Google is an ad-company and will do everything in its power to change the web
to fit their business. You the user don't matter anymore.

------
bsdubernerd
Google munging the URL on it's own search results to look like a breadcrumb
bar is among the primary reasons I do not use google.com as my default search
engine anymore. I'm surprised they didn't do the same on the URL bar instead
of hiding the full URL.

That being said, if you look at most non-IT persons using a browser, the URL
is just visual noise for them: showing the domain prominently is perhaps (and
_just_ perhaps) a better way to make them take notice.

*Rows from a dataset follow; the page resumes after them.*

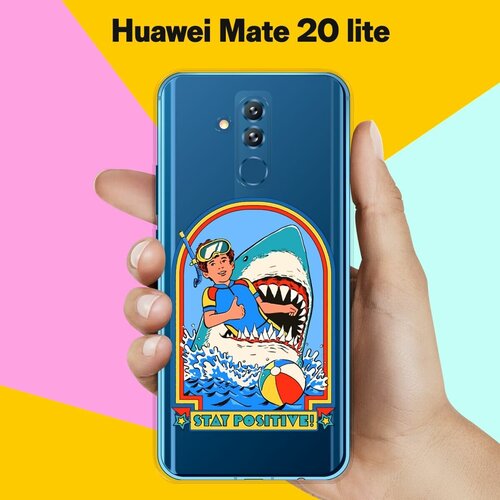 Силиконовый чехол на Huawei Mate 20 lite Акула / для Хуавей Мейт 20 Лайт силиконовый чехол на huawei mate 20 lite фиолетовые цветы для хуавей мейт 20 лайт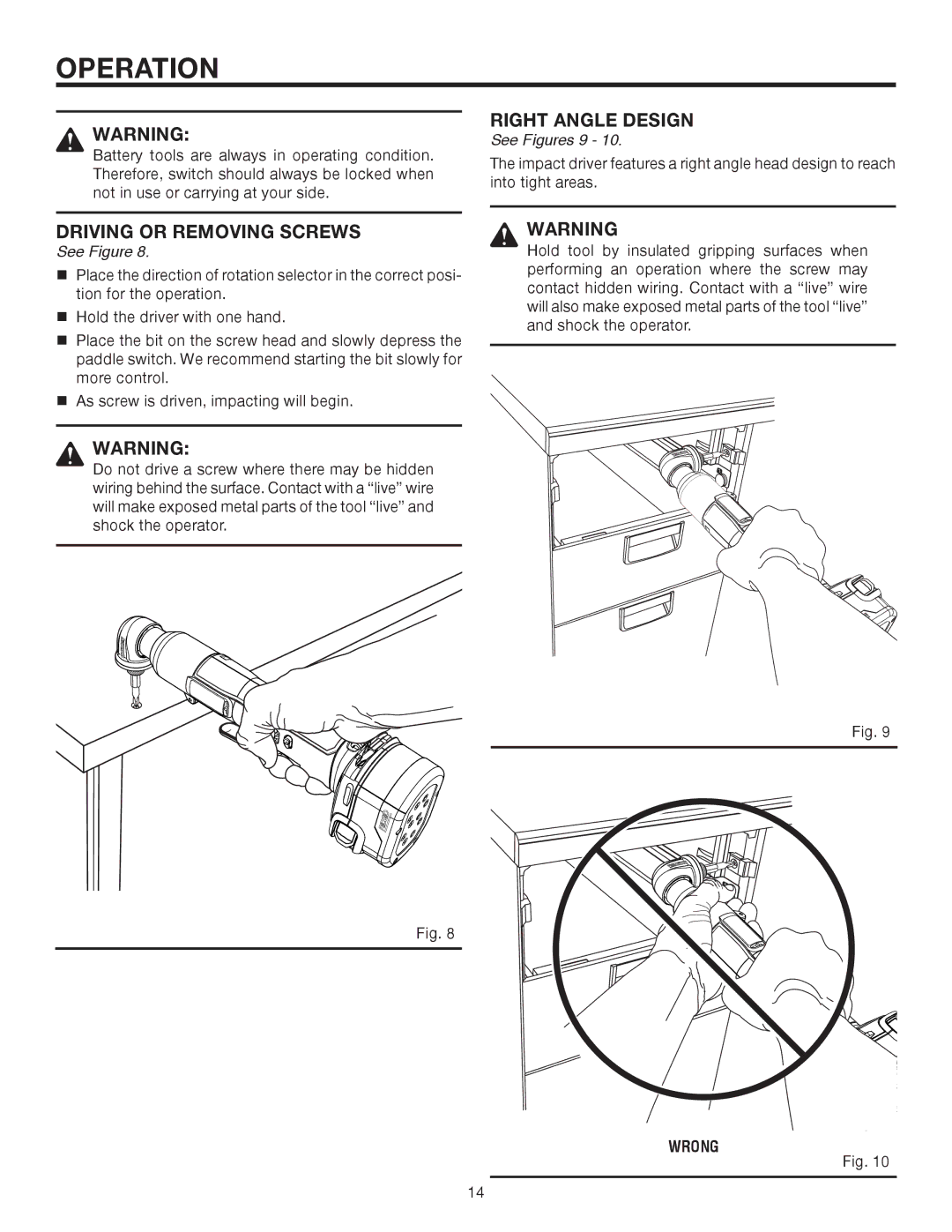 RIDGID R82233 manual Driving or Removing Screws, Wrong 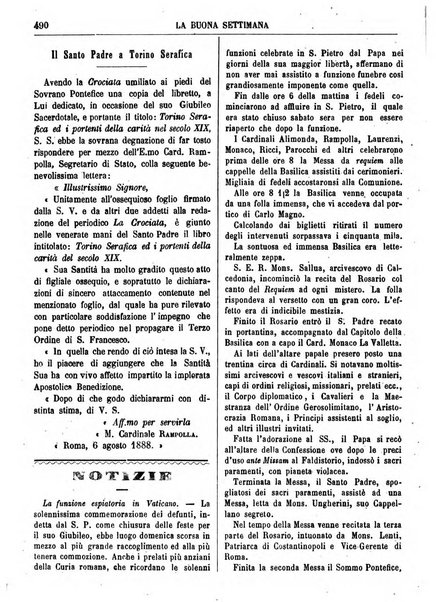 La buona settimana foglio periodico religioso popolare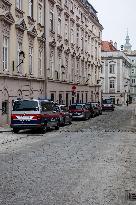 Police Station In Linz With Parked Police Vehicles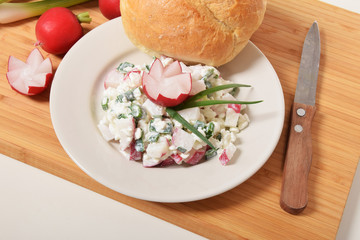 cottage cheese with chives and radish fresh bun delicious breakfast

Not that I would ever use this for myself though. I already disable FF URL
formatting and "trimming".

------
scalableUnicon
I just hope firefox doesn't follow this trend. It was too difficult for me to
adjust to their "one click select all" address bar that I now use ctrl + L for
address bar interactions.

------
macpete
The final goal is to make amp urls look like regular ones

------
spiritplumber
Google wants to be the new AOL.

------
noisy_boy
I moved back to Firefox last year and haven't had any reason to switch back to
Chrome. FF has been plenty performant and even if was few microseconds slower
than Chrome, I will still stick with it because it's in our collective
interest to keep the competition alive. This ridiculous decision by Google
just made my resolve stronger.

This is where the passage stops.